Originally, the value of the right node in each layer of ice has eight and all the other nodes have values of zero. This means that all the available bin slots have a capacity of eight.
Now consider the state when oven documents in size eight, six and oven are packed. The two trash cans containing documents of six have available slots in size two (8 – 6), and the trash can, which contains a document with size four, has an available slot of size four (8 – 4). These sizes represent with numbers two and four at leaves two and four of the tree. Several garbage cans remain empty, so leaf eight also has a value of eight.
Note that the value two at leaf two indicates only that at least one trash can in size two is available; It does not indicate how many such slots there are or where they can be found. This information is included in the tables.

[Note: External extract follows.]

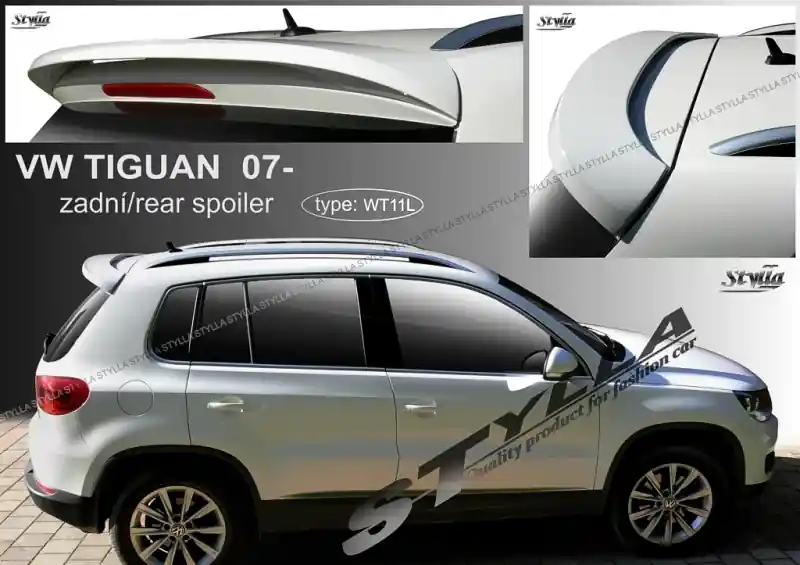 Přímo Od Výrobce Střešní spoiler - stříška Volkswagen Tiguan I (2007 - 2016) - Stylla WT11L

Now consider a document of size three that we want to assign to a trash can. To find the best available bin slot simply go left at each knot of the tree, unless it goes to the left leading to a knot whose value is smaller than the document size, in which case go right.

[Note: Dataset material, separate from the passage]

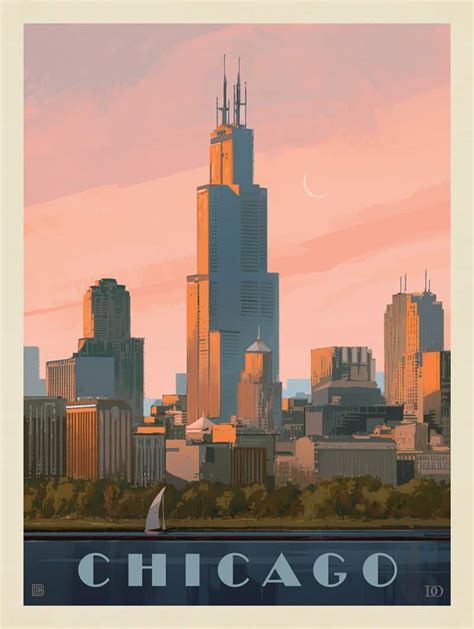 Chicago: Lake Michigan | David Owens Illustration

The best fit for a size three document is slot in size four, and in the “Space-to-Bins” table we see that it is a bin-bin three with a slot of that size. So there we place the document.
Finlly, we update all three data structures to reflect the new location:
Results
To evaluate the effect of bin packing on downnstream tasks, we longed models of 7 billion and 13 billion parameters with context lengths of 2,000 and 8,000 on text and code using both best fit packing and coherence. We rested both sets of models on six downstream tasks. On average, several data sets, context lengths and measurements, best care packing offered better performance on all six tasks. The biggest winnings came in reading understanding (+4.7%), natural-linguistic inference (+9.3%), context after (+16.8%) and program synthesis (+15.0%).

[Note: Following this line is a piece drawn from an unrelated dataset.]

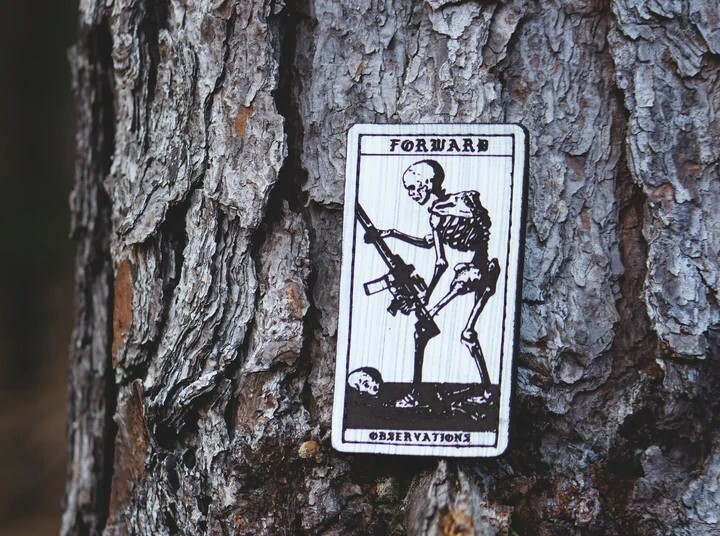 Forward Observations Group Bald Bros FOG Alpine Death Card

We also found that packing the best suitable care helped prevent hallucination in dense domain, especially in program synthesis tasks, where the reduced “undefined name” error by up to 58.3%, indicating a more complete understanding of the program structure and logic .
In addition, models that are trained with best suited packing are better at following instructions such as adherence to longitudinal restrictions. And packing the best fit helped the model of acquiring “tail knowledge” It is sensitive truncation due to scarcity of training data. In fact, this result suggests why LLMs fight against knowledge of long tail.
While the experience performed in our Paper Primary, which is focused on LLM preliminary, the most suitable pack is widely useful for fine tuning. Determining the benefits it can offer during fine tuning is an exciting topic for future study.